The International Monetary Fund (IMF) has urged European banks to be subjected to so-called stress tests to help restore confidence in the banking system.

The global monetary body is calling for the European governments to follow the lead of the United States and Britain to make their banks take stress tests, or risk assessments, and force them to come clean about their losses.

The measures taken to counteract the deep recession in Europe have provided a good foundation for a gradual recovery, but further actions by policy makers, particularly in the financial sector, are needed to restore market trust and confidence, and accelerate the recovery,” said Marek Belka, Director of the IMF’s European Department.

Praise was given on action already taken to counteract the deep recession in Europe, including recapitalization of viable banks, but the IMF lamented the lack of coordination between member countries.

“Europe is the most economically integrated market economy in the world, and yet the policies to address the crisis have been undertaken at the national level,” Belka said.

The United States has just concluded its own stress testing on 19 institutions, showing that 10 of them will need more capital to remain solvent.
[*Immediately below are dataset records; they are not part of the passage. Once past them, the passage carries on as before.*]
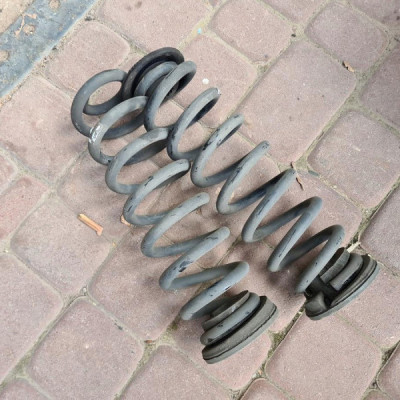 Sprężyna tylna zawieszenie Opel Insignia B AA6K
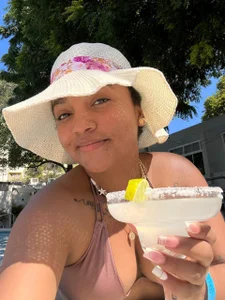 bbyalexxxa Relaxing on the beach Pic 5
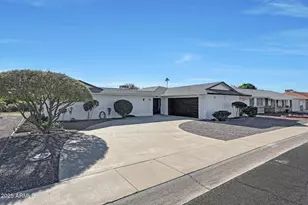 10922 W El Capitan Cir, Sun City, AZ 85351 - Photo 6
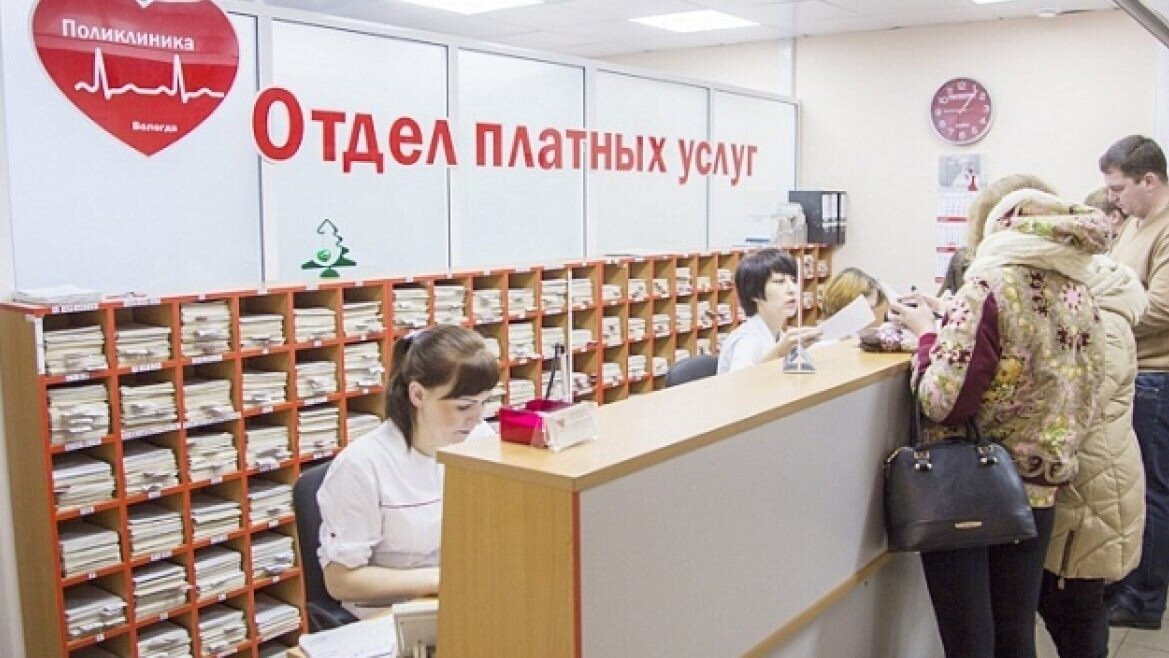     Рынок платных медицинских услуг в России растет каждый год. Если в 2018 году, по данным Росстата, его объем составлял 774 миллиарда рублей, то к 2022 году он вырос до 1,22 триллиона рублей. Тем временем, цены в частных клиниках порой достигают уже астрономических значений. Кто регулирует этот рынок?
European countries have also conducted their own stress tests, though they are done on a national basis, and results are not disclosed publically, nor are banks balance sheets examined.

“The assessment of specific institutions' needs for recapitalization remains a responsibility of national authorities,” The Committee of European Banking Supervisors said on Tuesday.

The urge for coordination comes on the heels of an earlier IMF forecast predicting a 4 percent contraction for advanced European economies, and and 4.9 percent contraction of emerging European economies.

With low inflation, consumers could regain confidence earlier, but continued weak global demand could lengthen and deepen the recession, it warned.

“Without a well-coordinated effort in these areas, neither fiscal nor monetary policy efforts will work as effectively as they must,” Belka said.